TASK INSTRUCTIONS:
Before copying, set aside the pictures; then restate exactly the lines from the one with "Applique murale nordique" through the last line of the records.

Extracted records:
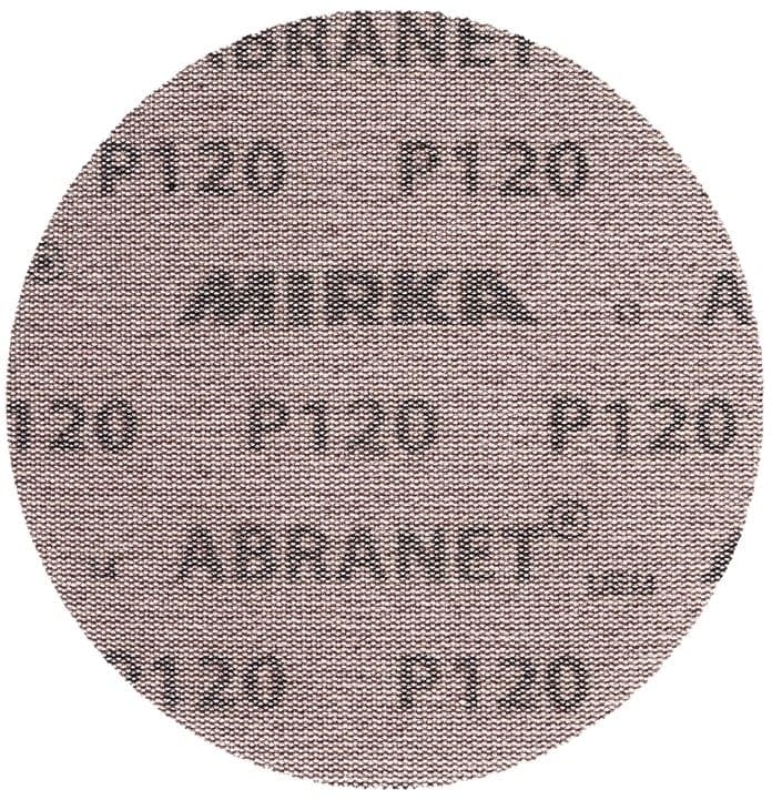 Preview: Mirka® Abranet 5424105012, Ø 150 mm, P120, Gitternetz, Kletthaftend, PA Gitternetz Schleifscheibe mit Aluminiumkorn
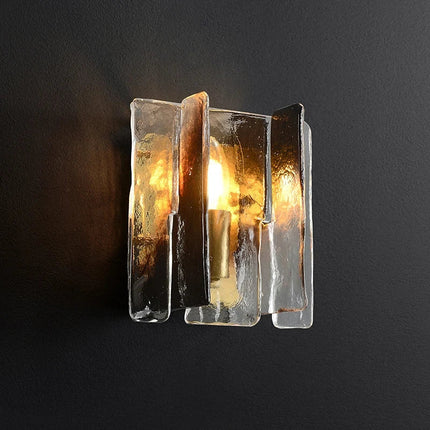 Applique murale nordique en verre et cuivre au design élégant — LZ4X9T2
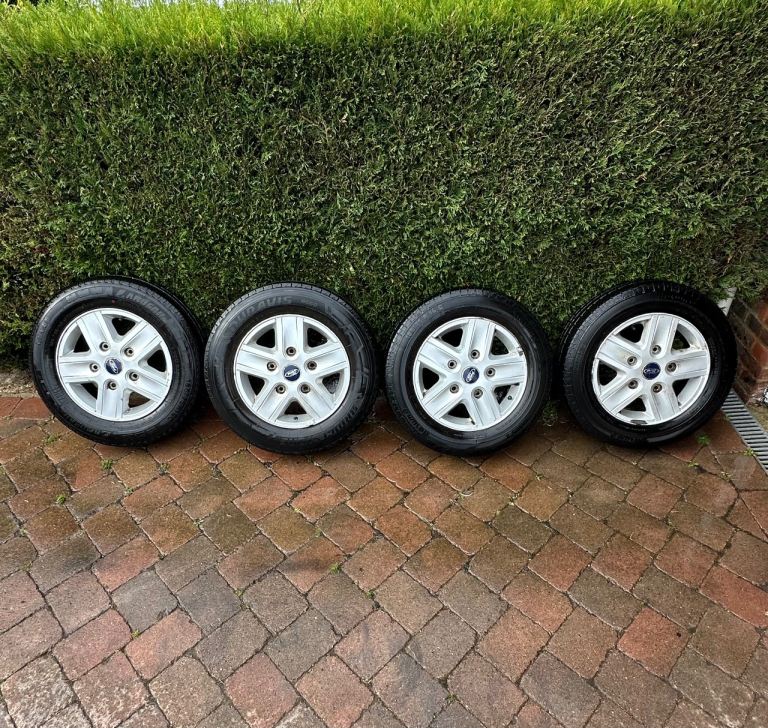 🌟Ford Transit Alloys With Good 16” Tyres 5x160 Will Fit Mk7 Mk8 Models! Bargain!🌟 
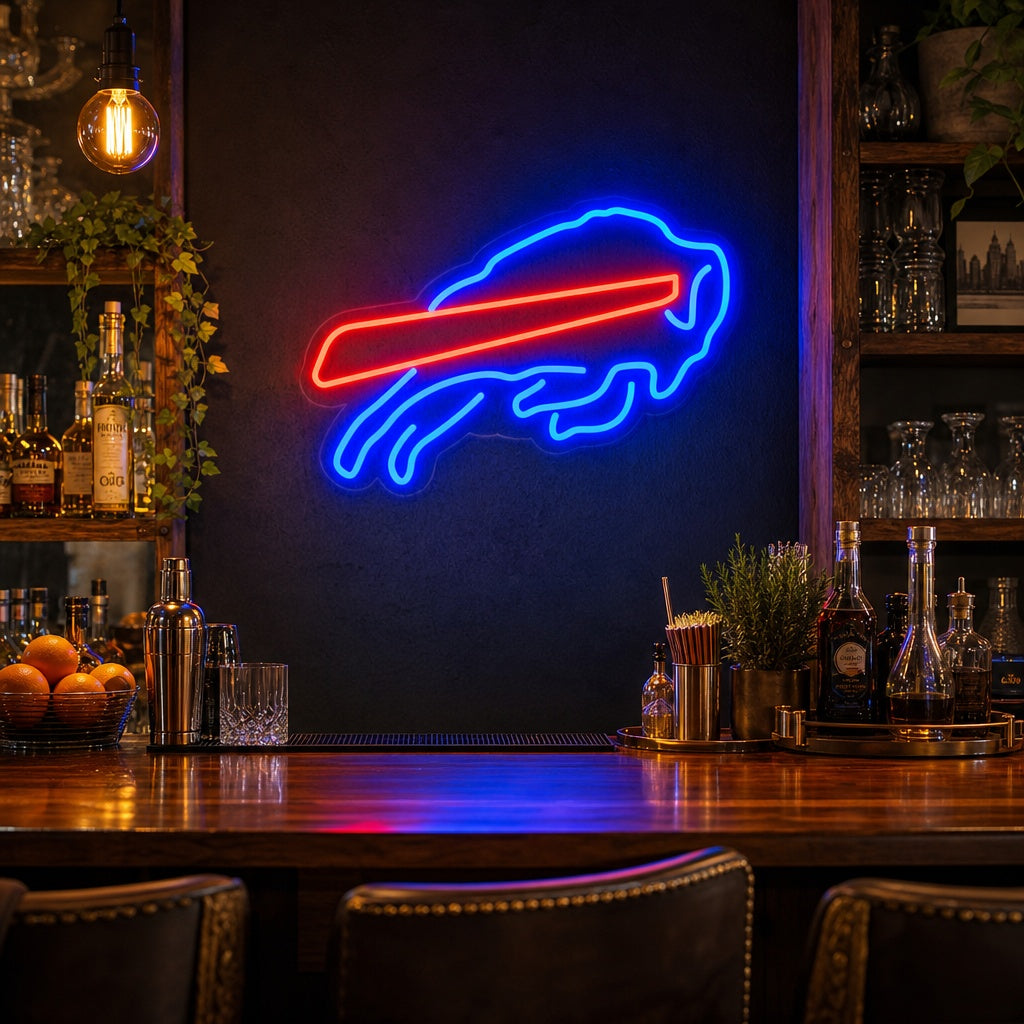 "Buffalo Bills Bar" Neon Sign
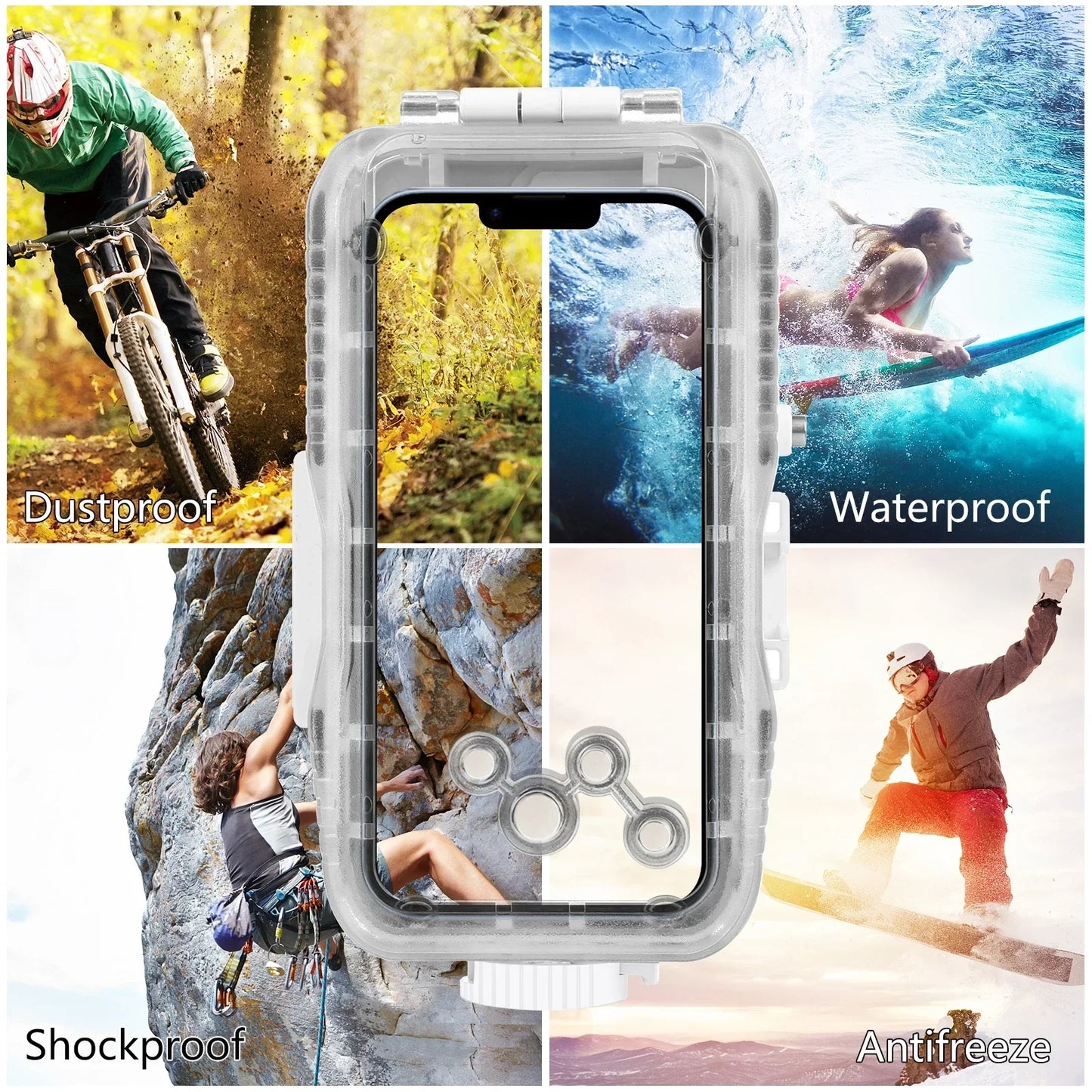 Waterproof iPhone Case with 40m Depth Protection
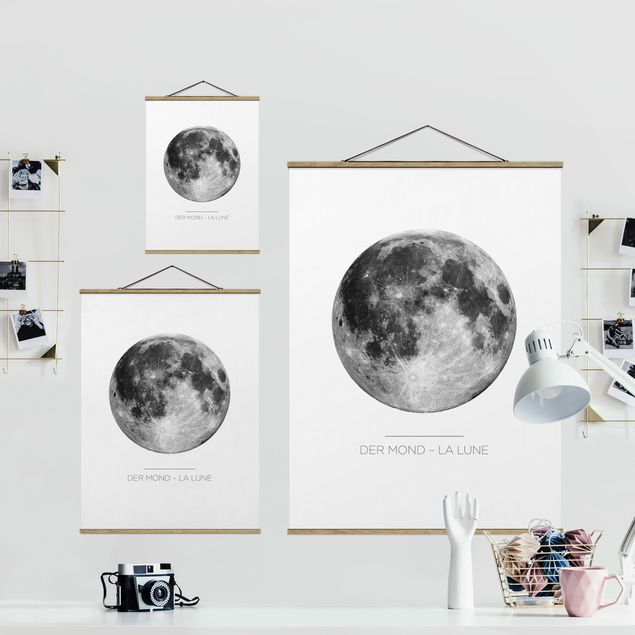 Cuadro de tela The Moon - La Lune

ANSWER SPACE:
 Applique murale nordique en verre et cuivre au design élégant — LZ4X9T2
 🌟Ford Transit Alloys With Good 16” Tyres 5x160 Will Fit Mk7 Mk8 Models! Bargain!🌟 
 "Buffalo Bills Bar" Neon Sign
 Waterproof iPhone Case with 40m Depth Protection
 Cuadro de tela The Moon - La Lune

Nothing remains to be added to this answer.